15 October 2006

The Whining Stranger on Sport: World Series Bound!

World Series Bound!



The ball goes sailing from Magglio Ordonez's bat into the left field seats at Comerica Park and I am somewhere between ten years old and thirty-two. More than two decades I have waited, ever faithful about baseball, but cynical about so many other things. I've grown weary with age about politics, about religion, but baseball. Sweet baseball. Those heartbreaking Detroit Tigers, in whom I put so much faith and hope every April.

Finally.
The World Fucking Series.
Finally.

Amen.

10 October 2006

Musings: Real Men Use Umbrellas

Last night, at a bar with a couple of friends to commemorate Monday Night Football with ultra-manly activities (read: drinking beer, eating pizza), one compadre began to tease me for having an umbrella with me. (It was rainy; I walked!) Apparently, he'd been listening just yesterday to two morning radio louts go on and on about the potential unmanliness of using an umbrella. (Their reasoning had something to do with not being able to work a barbecue, hold a beer and carry an umbrella all at the same time. To which I say, unironically, I've got big hands. And you know what they say about men with-- Er.)

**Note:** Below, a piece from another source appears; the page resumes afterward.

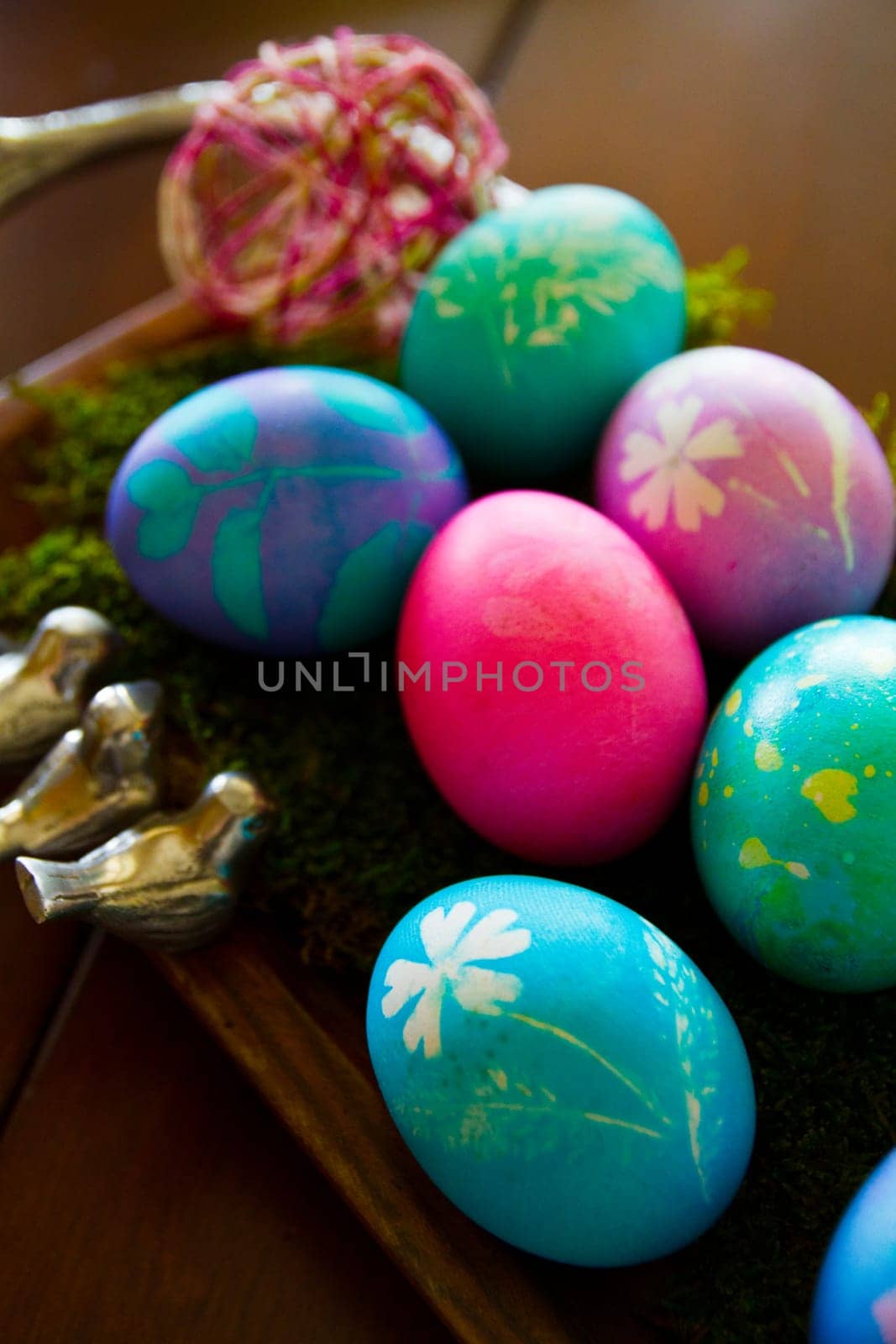 Easter egg extravaganza! Colorful and vibrant eggs adorned with intricate patterns rest on a bed of lush green moss, creating a festive ambiance. Perfect for spring celebrations and holiday decorations. Fort Wayne, Indiana.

Anyway, is this--dear Mary Poppins--the face of umbrelladom? Is this the popular image of the umbrella post-Neville Chamberlain?



Need I remind people that one of the scariest, most mysterious figures in twentieth-century American history is the so-called Umbrella Man in Dealey Plaza the day John Kennedy was killed? This is a spooky figure who carried an umbrella--and had it open as Kennedy's motorcade passed--even though it was sunny and warm that day. He's an insidious villain who may or may not have fired a poison dart from said umbrella and thereby paralyzed Kennedy so he couldn't react to the incoming hail of gunfire.



That example, noted, though, I will of course point out that not every man with an umbrella qualifies for real man status. Look at the unreal man pictured below. He's--dare I say it?--all wet, umbrella or not.

08 October 2006

The Whining Stranger on Sport: Hasta la vista, New York Yankees!



Sweet jubilation! Unbound joy!

I thought this series was basically over after Game 1 in the Bronx? How many times did we have to hear about this New York team possibly sporting the greatest line-up ever assembled? And wasn't Kenny Rogers supposed to be a playoff dud?

No, all around. Of course.

Just as the Detroit faithful knew it would be.

05 October 2006

The Whining Stranger on Sport: My Hero!



God bless you, Zoom-Zoom. And how do you like them apples, Jeet?

02 October 2006

Musings: On Headphones and Dark Sunglasses and Monday Mornings

A brief procrastinatory meditation as I try to kill ten minutes of would-be work time before I justify more non-work time with a noontime lunch break...

I like busy weekends with much socializing, for the most part, but they make me exhausted come Monday morning. Not a good way to start the week. I need to sleep more, perhaps. Saturday morning, for instance, I ran a 5k race on just under three hours sleep after too much beer and good fun the night before. My time was good given the obvious fatigue and dehydration, but I have to admit I'm not a kid anymore. ("I admit I'm not a kid anymore.") Sunday followed a long birthday party for a friend on Saturday night. I was slow moving till dinner time. Then it was about time to go to bed and call it a weekend. This morning's 9am meeting was unwelcome in turn.

In other news, I'm loving the mobile private bubble of my mp3 player and dark sunglasses combination on walks to campus each morning. The new shades that I got (black, Marcello-ish) for a dollar-fifty at a thrift store last week are clearly the darkest sunglasses I've ever owned. I won't even wear them for driving because they impede visibility so much. But that's good when I have to pass Casa Barbarian next door, and for general, "Don't get in my consciousness" ambulation time before meetings and classes.

Still reeling from the Tigers' collapse against KC this weekend. I am soliciting a general abundance of pro-Detroit, anti-Yankees vibes from anybody who reads this. Boo Yankees!

OK, there. I look at the clock. It's just about midday. By the time I post this it'll be time to get my lunch out and ignore the stacks of books on the desk for a little bit more.

The Whining Stranger's Song of the Day: 2 October 2006



"God Must Be a Boogie Man" by Joni Mitchell (from the album Mingus, 1979)

A charming bit of swinging theology from one of the great songwriting masters. This tune opens Joni's tribute album to the great Charles Mingus and was inspired by the first few pages of his autobiography, Beneath the Underdog. (Never read it? You should. He turns the expectations of genius-artist this-is-my-life writing on its head so thoroughly that you'll either laugh or cry or throw the book across the room or all three, but you won't be unstimulated for one second.) While I don't like to think too much about the nature of God for the unavoidable vertigo that follows (I'd rather just assume there is a big master-blaster up there and that s/he loves me and that there are no floods or turns-into-salt coming my way), I can't help but think that Joni's refrain about the cosmos adhering to "a cock-eyed plan" is spot-on.